もう慣れっこになっているので、そのことに大して特に気にはしていませんが、
この知名度の低さを放置しておいていいのかな?
と感じてしまわずにはいられません。
あまりの知名度の低さに耐えかねて?
弁理士が所属する「日本弁理士会」は、
タレントを起用したPR動画をYouTubeにアップして、知名度向上に努めています。
「BENRI-C」
この動画の良し悪しについては、ここでは述べませんが、
この場を借りて、あらためて「弁理士とは何か?」について書かせて頂きます。
「弁理士」とは、知的財産を専門に取り扱う士業です。
具体的には、発明、考案、意匠、商標などの知的財産を、特許権、実用新案権、意匠権、商標権などの権利(独占排他権)にするお手伝いをする職業です。
権利にするためには、国(特許庁)に申請をして、国からお墨付きを得なければなりません。
申請をするためには、申請書(願書)を特許庁に提出しなければなりません。
ここで、特許庁に願書を提出する人を出願人といいます。
例えば、発明を考えた人が、その発明で特許権を取りたいので、そのための願書を特許庁に提出する場合、その願書を提出する人を出願人といいます。
弁理士は、出願人の求めに応じて、出願人の代わりに(代理人として)、願書を作成して特許庁に提出する業務を行うことができます。
弁理士は、出願代理だけをやっているわけではなく、その他にも、
発明やその権利化に関する相談業務や、
知財関係のトラブルを解決するためのアドバイスや、
(弁護士と共同での)知財関連の紛争解決業務や、
税関における知的財産権侵害物品の水際取締りに関する業務など
その業務範囲は多岐にわたっています。
最近では、母数こそまだ少ないですが、知財経営コンサルタントとして、
中小企業の経営を知財の側面から支援する業務を専門とする弁理士もいます。
その弁理士ですが、実は、旧字で書くと、弁護士とは明らかに違うことを理解して頂けると思います。
弁理士を、旧字体で書くと「辨理士」となります。
一方で、
弁護士を、旧字体で書くと「辯護士」となります。
「辨理士」の「辨」は真ん中がカタカナの「リ」になっています。
意味は「わきまえる。わける。処理する。」です(出典:漢字ペディア)。
一方で、
「辯護士」の「辯」は真ん中が漢字の「言」になっています。
意味は「かたる。話す。述べる。説きあかす。」です(出典:漢字ペディア)。
「辨理士」の「理」は、「ことわり。すじ。」です。
「ことわり」とは「物事の筋道。条理。道理。わけ。理由。」(出典:goo辞書)です。

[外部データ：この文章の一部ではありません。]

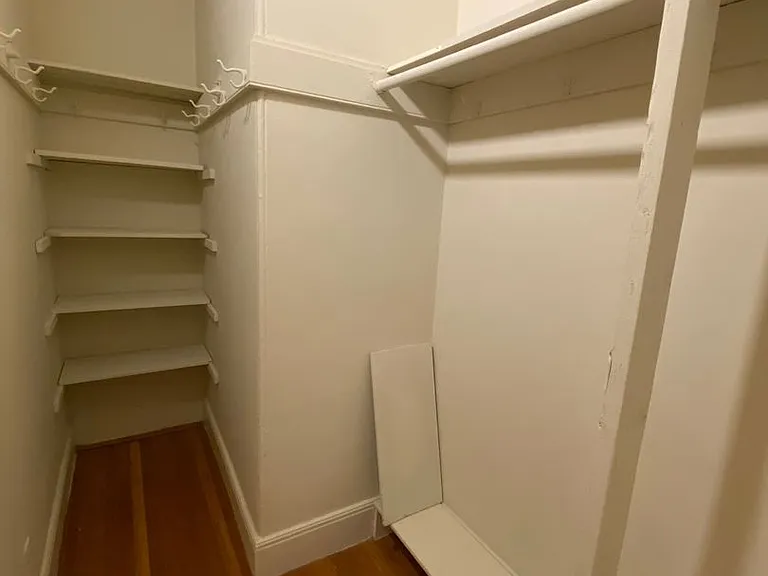 2233 Larkin St #1 — Photo 7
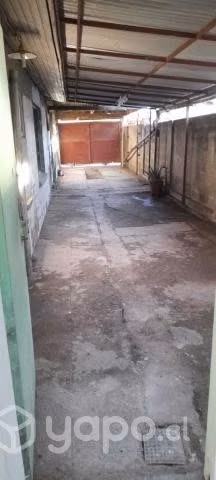 Casa Sólida con Local Comercial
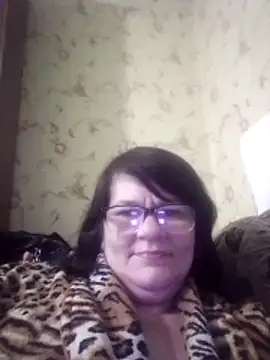 Snapshot of NysiOlsen chatting on 04.19.26 NysiOlsen online show from 04.19.26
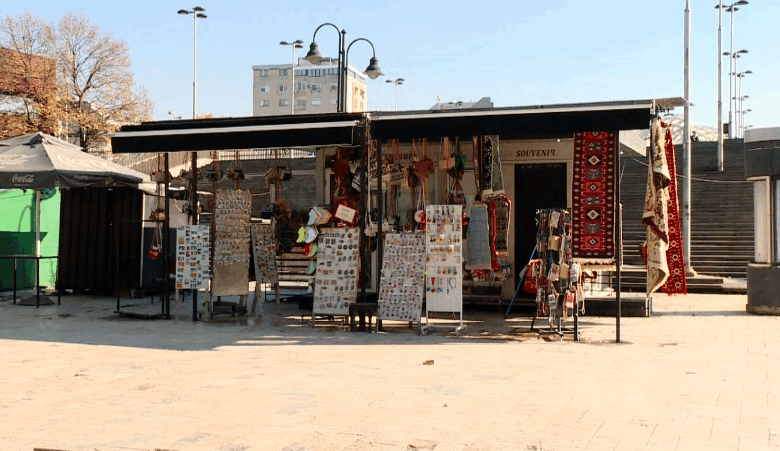 Од следната недела Општина Центар ќе ги отстранува тезгите од плоштад „Филип Втори“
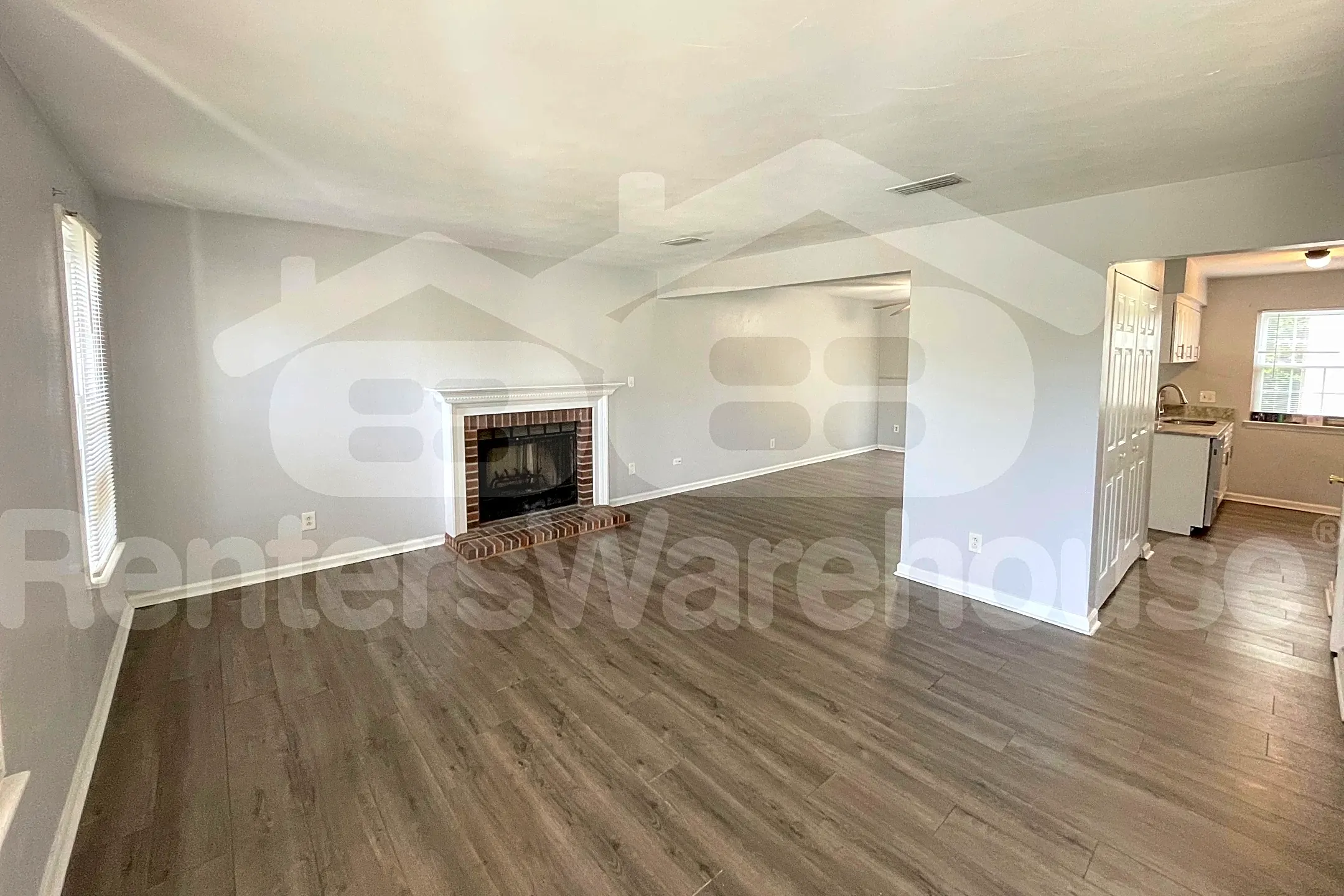 Living Room - 3725 Canadian Arch - Virginia Beach, VA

すなわち、「辨理士」は、物事の筋道をわきまえる職業と言えそうです。
例えば、発明を特許権にしてもらうためには、願書にその発明の説明書である明細書(会計上の明細書とは別物です。)を添付しなければなりません。
この明細書には、記載のルールというものがきめ細かく決められています。
そのルールに従って記載されていない明細書を特許庁に提出しても、
特許庁からNGと言われます。
弁理士は、それらのルールを熟知していますので、少なくとも形式的な面で特許庁からNGと言われることはほとんどありません。
まさに、物事の筋道をわきまえる業務(ここでは記載ルールに則って明細書を作成する業務)を行うことに長けている者、それが弁理士だということができるかと思います。